Exotic Bags. The same could not be said for Saigon, where each night, defying the government's curfew, the mobs roared through alleys and streets, leaving a wake of sticks, stones, broken bottles, empty cartridges, spent grenades and smoke flares. Often led by gazelle-like children or astonishingly pretty girls and, as the week progressed, directed by whistle-blowing Buddhist monks, the rioters baited the airborne troops trying to keep order. Despite wicker shields and flak jackets, the soldiers sometimes found the hail of stones so intense that they, rather than the rioters, broke for cover. When they hurled tear gas, the rioters picked up the smoking cans and hurled them back, used plastic bags over their heads for improvised masks. Newsmen as often as soldiers were targets for stoning and, when the mayor of Saigon went out into the teeming streets to try to reason with the rioters, he was stoned too. Wherever the mob clashed with the soldiers, the air soon became unbreathable. Tears flooded the eyes, juices poured from irritated mouths and noses. Everyone gasped, ran, fled the maddening tear gas.
But Ky's real struggle lay with the Buddhist leaders, who discovered their power three years ago in ousting Premier Diem, and have been thirsting for more ever since. Back in Saigon, Ky met with Buddhist leaders and tried to arrange a compromise. The Buddhists wanted an amnesty for rioters and the soldiers who aided them, withdrawal of the South Vietnamese marines from Danang, and the establishment of an assembly to draw up a constitution within four to six months. If Ky and his fellow generals would agree to that, said the bonzes, they would "temporarily suspend all forms of struggle to prove our good will."

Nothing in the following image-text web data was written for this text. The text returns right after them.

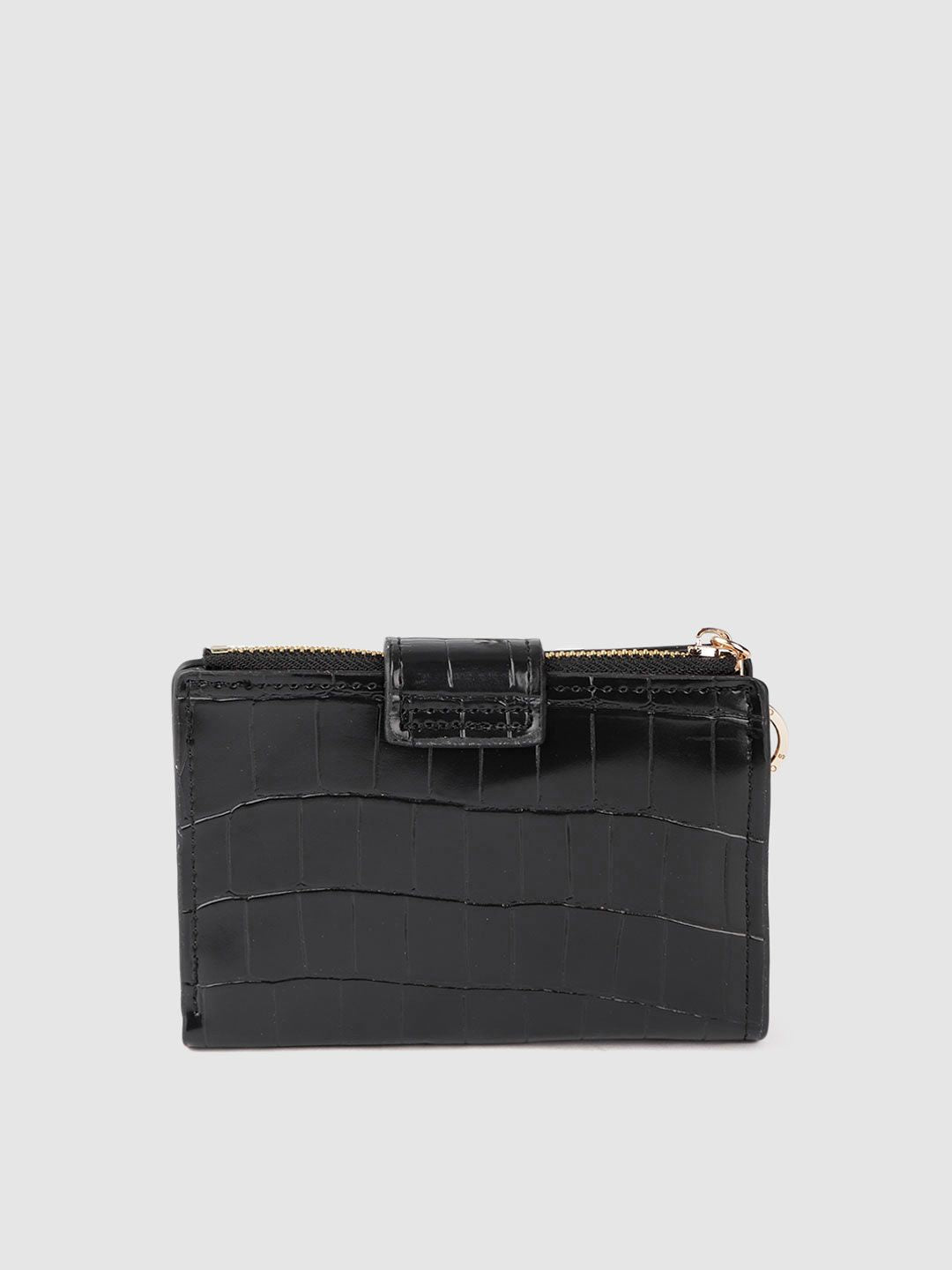 Lino Perros Women Black Animal Printed PU Zip Around Wallet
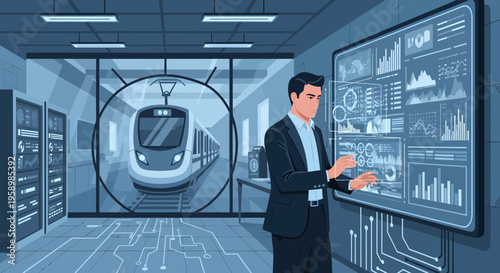 Man Interacting With Futuristic Train Technology Display.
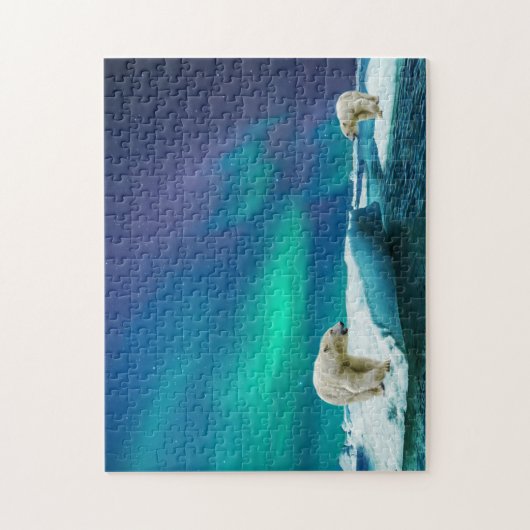 Polar Bears und das Puzzle Aurora Borealis Jigsaw (Vertikal)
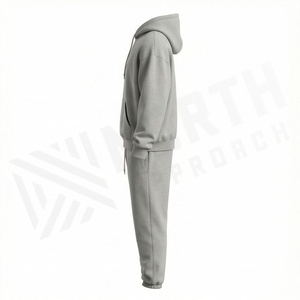 Ensemble de survêtement unisexe gris à capuche en coton, sweat-shirt et pantalon décontractés avec logo imprimé sur le devant, vêtements d'automne pour adultes - Product Image 3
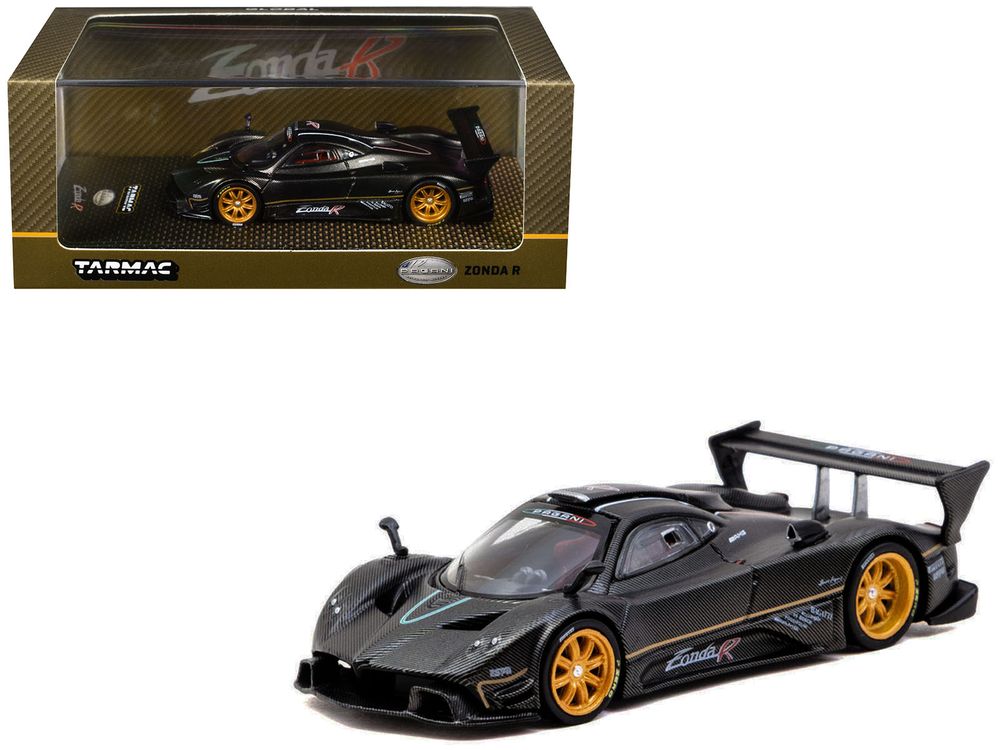 Pagani Zonda R Matt Black Carbon Fiber with Gold Wheels "Global64" Series 1/64 Diecast Model Car by Tarmac Works
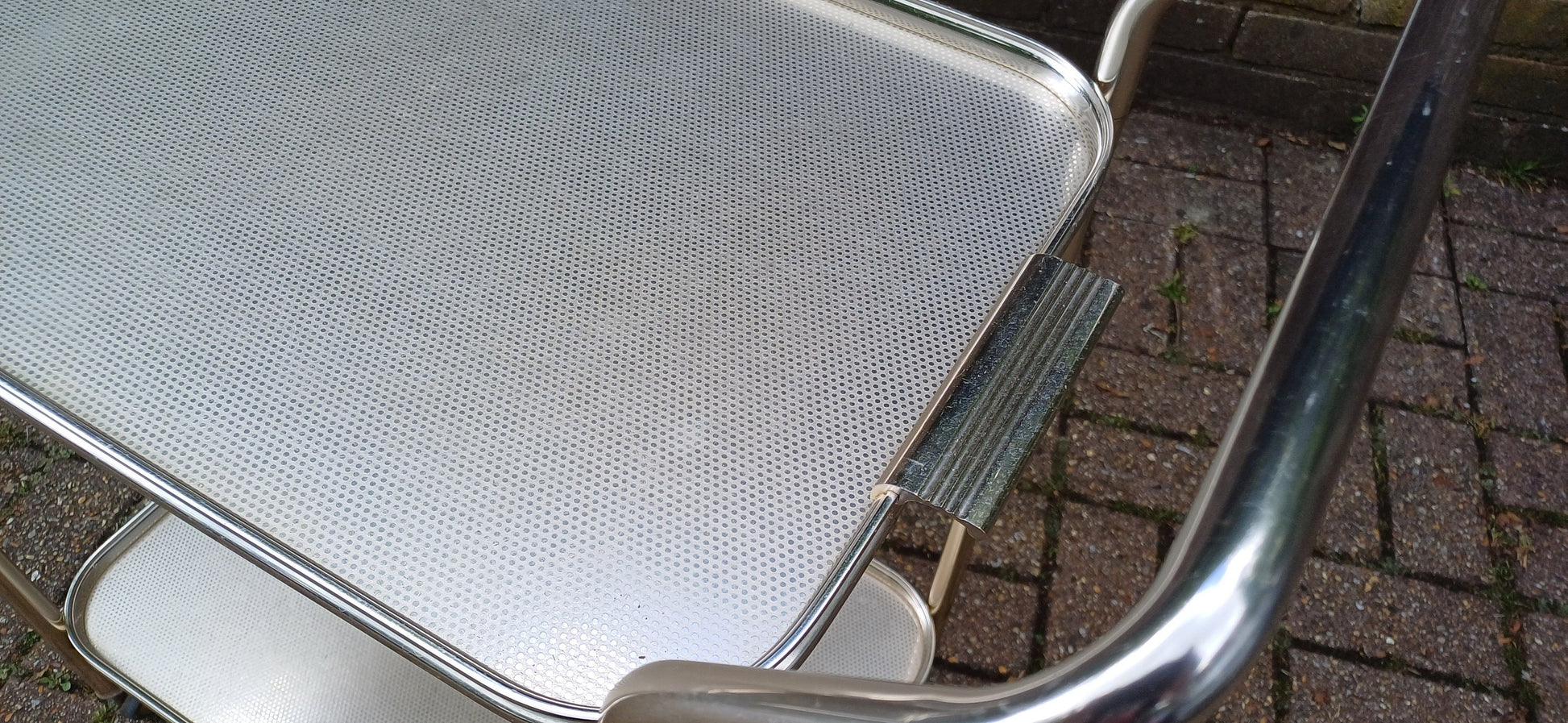 Quirky Vintage Metal Retro 2 Tier Trolley Metal Trays Lift Out Side Table Folding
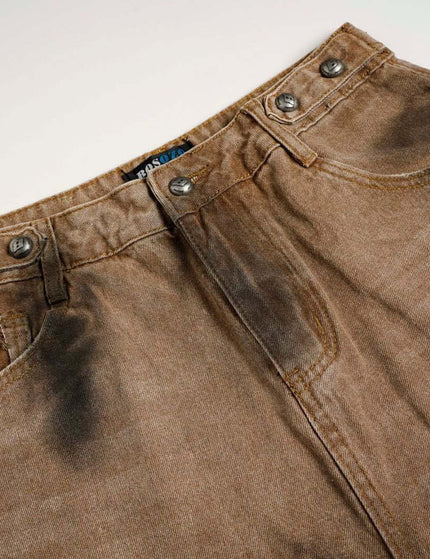 Washed Tie-Dye Distressed Denim Pants Loose Wide-Leg Straight Long Pants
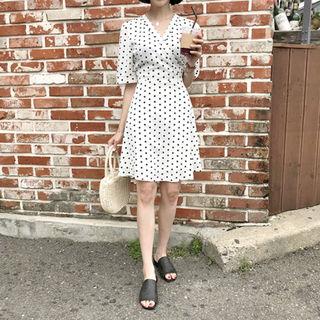 Polka-dot Surplice-wrap Flare Dress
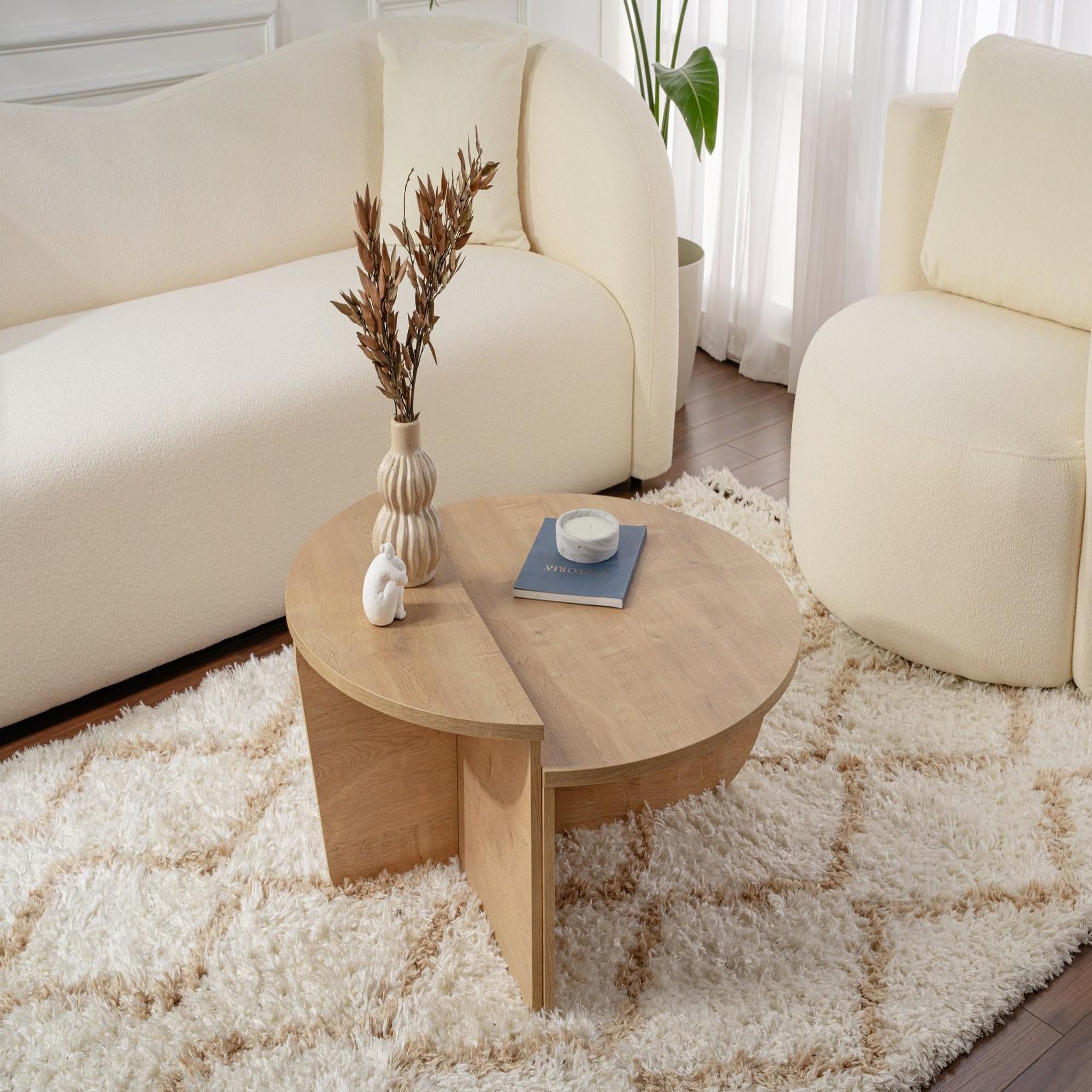 Voir la diapositive 3 : Habitat et Jardin Table basse en bois  orion  - 90 x 60 x 30 cm - chêne miel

The generals were agreeable to the constitutional assembly, as they have been all along, but not to the first two conditions. When I Corps Commander General Chuan in Danang argued that the marines had to be withdrawn from his city, the rest of his colleagues in the Directory unanimously removed him--with his concurrence--from the command he had held for less than a month. He was replaced by Lieut. General Ton That Dinh, who helped to lead the coup against Diem.
"Many, Many Men." With that, the Buddhists abandoned all pretense that the street mobs were not of their making. Closing ranks, they issued a proclamation from the Vien Hoa Dao, their chief headquarters, assuming responsibility for all future demonstrations. They declared that "a state of emergency" existed, and that "we want an elected national Congress now." Whether the Buddhists were declaring war only on Premier Ky or on the whole military government was not immediately clear. But in publicly blessing the civil disorder, and promising that from now on the street mobs must not be made up of "hoodlums" but "many, many men," the political bonzes had moved the crisis up still another notch.